A proposta resgata uma ideia que teve ensaio na primeira década deste século, com certa plataforma chamada “Second Life”, mas que não avançou naquele contexto, só voltando à pauta em razão do isolamento forçado que precisamos enfrentar.
Naquela conjuntura, da pandemia, o dono do então Facebook cravou que o futuro da rede social seria o metaverso, o que acarretou a reformulação de projetos internos e impactou até na mudança do nome da plataforma para Meta.
O assunto ganhou força, inclusive, com vendas de terrenos e publicidade em ambientes virtuais, tudo negociado em ativos intangíveis com os chamados NFTs, tokens não fungíveis, na tradução literal.
Seríamos “transportados” a uma outra dimensão, na qual estaríamos imersos em nossas corriqueiras atividades: trabalho, escola, jogos, praia, paqueras, amizades.
Mas tudo parece não ter passado de um mundo imaginário, fantasiado na cabeça de alguns visionários de algo que só a imaginação fértil de alguns poderia acreditar. Que bom!
Uma ideia que contraria a essência humana, que é baseada na sociabilidade e solidariedade, não poderia vingar. Não somos avatares, mas seres de carne e osso, com emoções e sentimentos, que nenhuma outra experiência será capaz de substituir.
Depois de 80 bilhões de dólares em investimentos – o que daria para promover o bem-estar social e matar a fome de muita gente no mundo real – o projeto entrou em derrocada.

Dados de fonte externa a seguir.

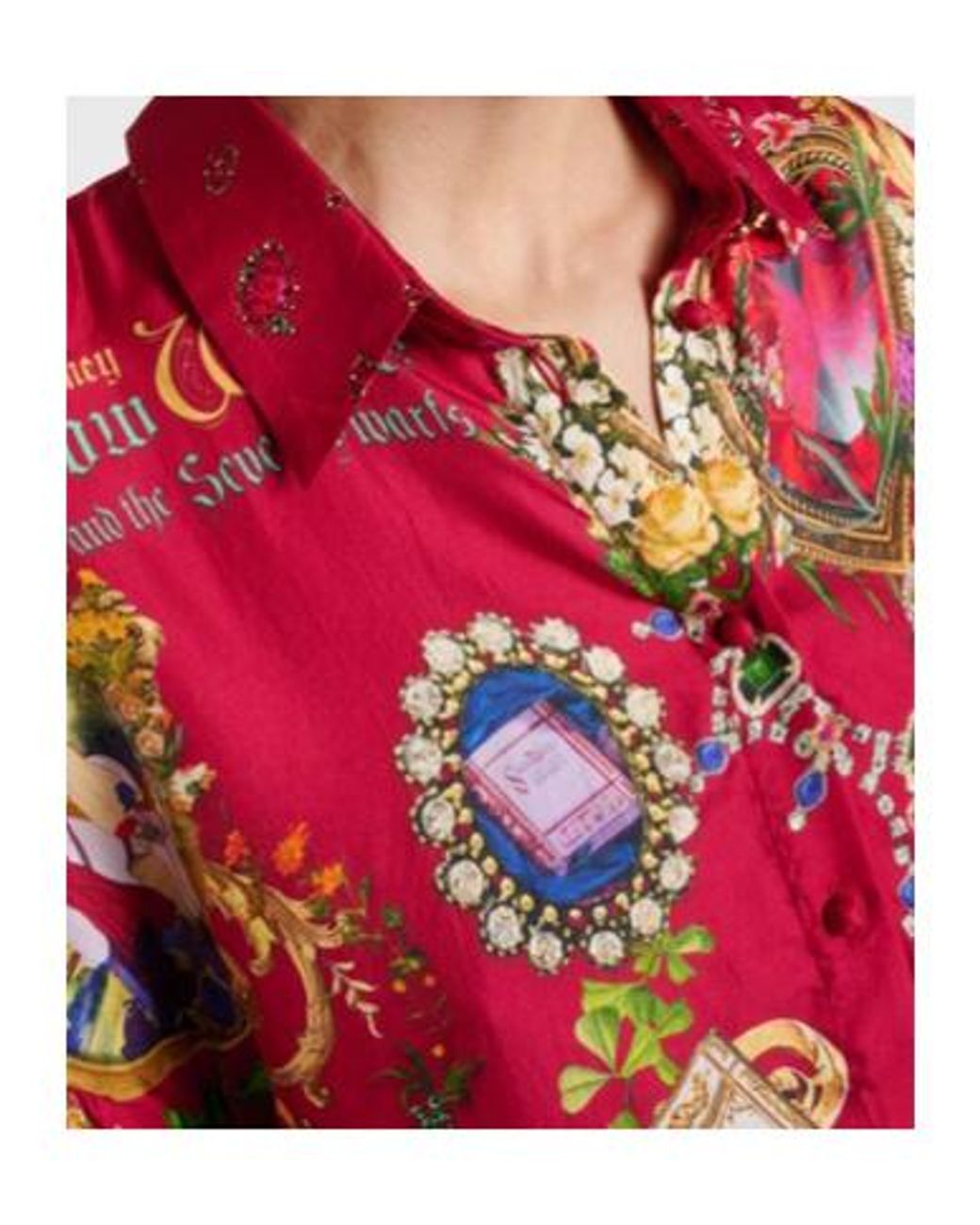 Camilla Red Printed Silk Shirt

Vieram as demissões, prioridades foram invertidas e o anúncio de que a aventura, a Steven Spielberg, parece estar terminando.
Zuckerberg anunciou oficialmente que seu “mundo virtual” deixaria de ter foco prioritário em realidade virtual. A experiência nos óculos de VR (realidade virtual) até será mantida, mas não receberá upgrades, um sinal de que será descontinuado ou, pelo menos, perdeu protagonismo.

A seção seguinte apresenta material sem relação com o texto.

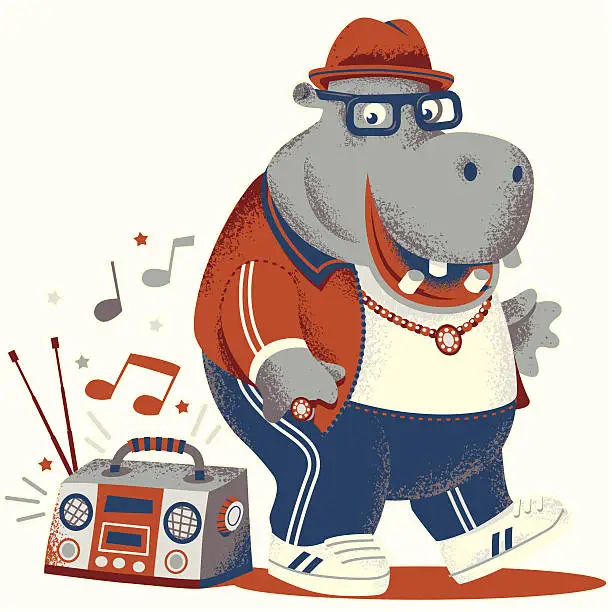 Vector illustration of HIPPETY HIPPO HOP!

O foco da companhia, agora, é a inteligência artificial como novo futuro. Mas é importante que não se perca o foco no que é mais importante: o ser e o sentir humano.
A tal realidade virtual experiência aumentada não se concretizou e passou longe do cotidiano daquelas pessoas que andam com os pés fincados no mundo real e não no mundo da lua.
É importante que tenhamos nossas abstrações e gastemos tempo navegando nas redes sociais ou em alguma plataforma virtual. Mas a vida acontece aqui e agora. É preciso trabalhar, produzir, colocar o pão na mesa. Isso só se faz na vida real.
O mundo tangível jamais será substituído por experiências aleatórias. O aperto de mão, o olho no olho. Sentir o cheiro, o sabor, as sensações.
Não precisa que tudo seja positivo, que seja bom, que as experiências sejam fantásticas. Na vida real há altos e baixos, dissabores, desventuras. Mas é a vida que vale viver.
Rimos, cantamos, choramos, abraçamos, confraternizamos, brindamos, perdemos, caímos, levantamos, vencemos. Esse sim é o mundo perfeito, construído sobre imperfeições que nos tornam humanos.
Osmar Gomes dos Santos é Juiz de Direito na Comarca da Ilha de São Luís (MA). É Presidente da Academia Ludovicense de Letras. É membro das Academias Ludovicense de Letras, Maranhense de Letras Jurídicas, da ALMA – Academia Literária do Maranhão e da AMCAL – Academia Matinhense de Ciências, Artes e Letras.